Item-Item collaborative filtering algorithms is not based on the item(movie,book) content(genre, author, keywords…) Rather, it is based on the User’s past history like buying, viewing, rating items.
Item-based collaborative filtering is a model-based algorithm for making recommendations. In the algorithm, the similarities between different items in the dataset are calculated by using one of a number of similarity measures, and then these similarity values are used to predict ratings for user-item pairs not present in the dataset.
-
Reorganized the data(group the data by userId)
Map method -> Input: user, movie_id, rating
Reduce method -> Output: key=userId, value=<movieId:rating, movieId:rating..>
-
Generated the Cooccurrence matrix(get the relation between movie1 and movie2):
Map method -> Input: userId \t movie1:rating1, movie2:rating… -> Output: key=movie1:movie2, value = 1…
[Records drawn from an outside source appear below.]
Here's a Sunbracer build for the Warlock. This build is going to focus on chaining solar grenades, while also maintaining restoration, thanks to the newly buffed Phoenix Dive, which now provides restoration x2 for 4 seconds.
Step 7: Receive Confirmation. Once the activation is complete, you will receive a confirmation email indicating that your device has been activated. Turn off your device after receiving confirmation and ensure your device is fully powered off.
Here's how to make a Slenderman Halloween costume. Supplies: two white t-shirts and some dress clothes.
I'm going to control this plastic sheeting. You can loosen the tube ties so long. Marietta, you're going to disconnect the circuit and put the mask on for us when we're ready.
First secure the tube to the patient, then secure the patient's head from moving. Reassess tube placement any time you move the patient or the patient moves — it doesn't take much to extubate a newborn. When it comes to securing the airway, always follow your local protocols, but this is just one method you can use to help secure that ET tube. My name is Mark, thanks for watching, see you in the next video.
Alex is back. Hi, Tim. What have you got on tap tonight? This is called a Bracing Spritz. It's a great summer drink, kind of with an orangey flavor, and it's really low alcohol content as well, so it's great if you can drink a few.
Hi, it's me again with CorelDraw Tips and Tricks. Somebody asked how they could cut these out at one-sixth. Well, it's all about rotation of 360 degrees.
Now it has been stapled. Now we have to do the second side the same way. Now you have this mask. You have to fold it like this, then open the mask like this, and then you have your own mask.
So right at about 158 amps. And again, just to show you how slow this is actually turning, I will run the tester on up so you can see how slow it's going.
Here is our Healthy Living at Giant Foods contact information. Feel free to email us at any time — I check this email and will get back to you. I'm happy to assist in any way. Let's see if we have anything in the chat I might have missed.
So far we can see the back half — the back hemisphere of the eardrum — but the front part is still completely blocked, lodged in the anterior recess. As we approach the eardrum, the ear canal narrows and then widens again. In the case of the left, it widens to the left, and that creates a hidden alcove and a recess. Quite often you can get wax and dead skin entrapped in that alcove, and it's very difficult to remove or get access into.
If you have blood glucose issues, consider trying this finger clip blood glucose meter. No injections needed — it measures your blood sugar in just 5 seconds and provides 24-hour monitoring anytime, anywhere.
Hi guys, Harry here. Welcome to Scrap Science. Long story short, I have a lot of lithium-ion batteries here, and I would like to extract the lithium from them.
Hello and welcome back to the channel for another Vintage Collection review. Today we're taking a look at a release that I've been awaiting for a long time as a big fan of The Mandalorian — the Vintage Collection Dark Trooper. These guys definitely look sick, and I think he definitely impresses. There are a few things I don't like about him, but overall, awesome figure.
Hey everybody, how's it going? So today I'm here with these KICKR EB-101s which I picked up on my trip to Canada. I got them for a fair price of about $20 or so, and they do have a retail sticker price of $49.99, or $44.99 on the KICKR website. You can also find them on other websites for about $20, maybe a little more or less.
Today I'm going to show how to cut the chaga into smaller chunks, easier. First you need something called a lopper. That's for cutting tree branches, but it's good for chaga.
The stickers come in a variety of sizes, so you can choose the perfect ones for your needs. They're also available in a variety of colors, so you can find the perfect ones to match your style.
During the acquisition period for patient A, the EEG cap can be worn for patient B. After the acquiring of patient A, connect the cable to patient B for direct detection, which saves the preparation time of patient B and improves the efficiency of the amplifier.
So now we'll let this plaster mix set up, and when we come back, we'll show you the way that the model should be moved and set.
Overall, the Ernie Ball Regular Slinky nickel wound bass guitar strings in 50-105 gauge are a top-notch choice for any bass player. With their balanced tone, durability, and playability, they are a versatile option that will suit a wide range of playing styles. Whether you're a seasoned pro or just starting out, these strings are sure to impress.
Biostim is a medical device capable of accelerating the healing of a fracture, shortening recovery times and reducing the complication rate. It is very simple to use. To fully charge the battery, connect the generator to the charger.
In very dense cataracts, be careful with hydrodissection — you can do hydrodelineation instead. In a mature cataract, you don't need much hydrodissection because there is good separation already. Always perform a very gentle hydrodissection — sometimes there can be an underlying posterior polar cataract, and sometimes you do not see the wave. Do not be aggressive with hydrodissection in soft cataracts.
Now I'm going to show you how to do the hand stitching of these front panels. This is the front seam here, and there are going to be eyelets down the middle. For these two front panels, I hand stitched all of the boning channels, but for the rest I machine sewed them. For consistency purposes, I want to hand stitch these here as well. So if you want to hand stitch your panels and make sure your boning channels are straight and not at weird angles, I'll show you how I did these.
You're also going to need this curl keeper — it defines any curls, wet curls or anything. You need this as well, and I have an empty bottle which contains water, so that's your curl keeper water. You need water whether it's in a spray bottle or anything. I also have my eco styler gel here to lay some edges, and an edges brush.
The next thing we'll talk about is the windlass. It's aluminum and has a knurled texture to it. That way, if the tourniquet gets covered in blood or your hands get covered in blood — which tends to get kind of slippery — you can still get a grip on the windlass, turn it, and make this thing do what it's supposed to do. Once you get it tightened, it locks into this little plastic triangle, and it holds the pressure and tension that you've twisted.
Reduce method -> Input: key=movie1:movie2, value = iterable<1,1,1>
-
predict the score: Map method -> setup and get the cooccurrence matrix Input: movie1:movie2 \t relation Input: userId, movie, rating Output: userId: movie score
Reduce method: -> Output: userId:movie \t score
-
Generate the recommendation list:
Map method: Read movie watch history-> Input: userId, movie_Id, rating filter out the movies that the user has watched before-> Input: user \t movie:rating
Reduce method: read<movie_Id, movie_name>, remove movie name match movie_name to movie_id-> Input: user \t movie_id:rating -> Output: movie_name
-
Generate the top k-score movie recommendation list:
Output: user[i]: movie